This case is reported ante, Jan. 9, 1885, 22 S.L.R. 314, and 12 R. 473.
The pursuer appealed.
At delivering judgment—
A question has been raised whether the contract was not in fact executed after the celebration of the marriage, but without minutely considering the evidence I am satisfied with the conclusion of the Lord Ordinary that the contract was executed before the marriage, a conclusion which indeed is but feebly contested on the other side.
A Scottish widow is entitled to her jus relictæ and to her terce unless they have been discharged, and the appellant seeks to remove the bar to these rights by setting aside the contract in question which, if unimpeached, discharges these rights.

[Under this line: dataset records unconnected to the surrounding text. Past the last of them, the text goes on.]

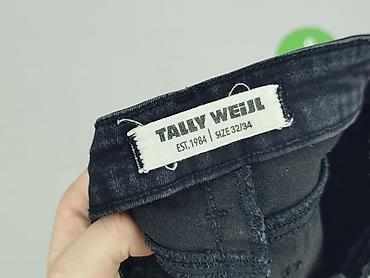 tally weily: Tally Weijl, Szorty damskie, rozmiar XS — 4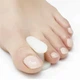 Перегородка межпальцевая Foot Care SA-9012 Размер Универсальный (1691-2237) - изображение 2
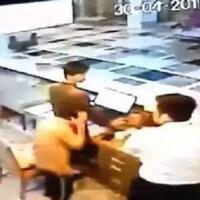 tampar-karyawan-hotel-oknum-pilot-lion-air-dijebloskan-ke-penjara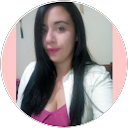 Stephany Rodriguez profile picture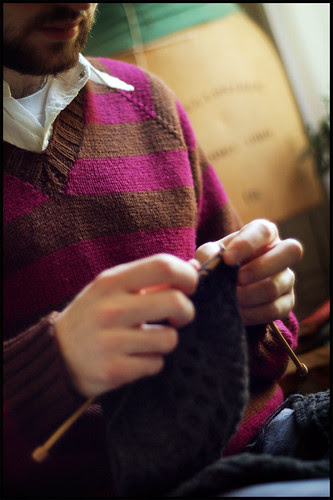 Swisher (by b r o o k l y n t w e e d) Swisher (by b r o o k l y n t w e e d)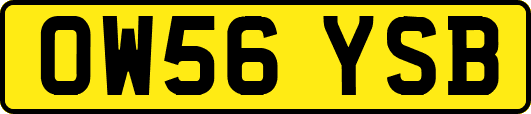 OW56YSB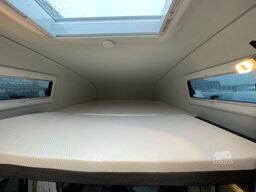 PÖSSL Vario 545 *5,41m*Assistenten*Kompakt*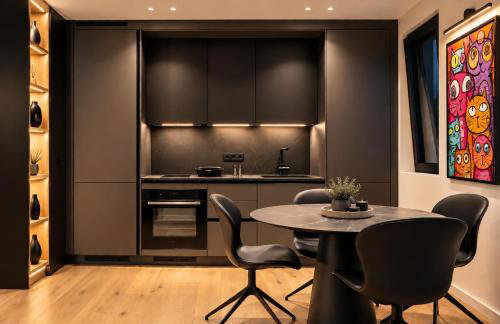 Kalvokoresi 16 I Premium Apartments - Foto 62
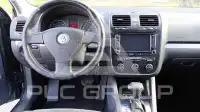 2009 Volkswagen Jetta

My Lords, I think there has been some slight confusion between the question what forum can decide the controversy between the parties, and what law that forum should administer in deciding it. Now, it is admitted that the appellant was a domiciled Irishwoman at the time she executed the instrument in question. It is admitted she was a minor, and apart altogether from the remedy peculiar to Scottish jurisprudence of setting aside a contract which operates to the enorm lesion of a minor—a question to be determined in a great measure by the position of the parties and the provisions of the contract itself—the first question arises here whether a domiciled Irishwoman could bind herself at all while a minor by a contract executed in Ireland.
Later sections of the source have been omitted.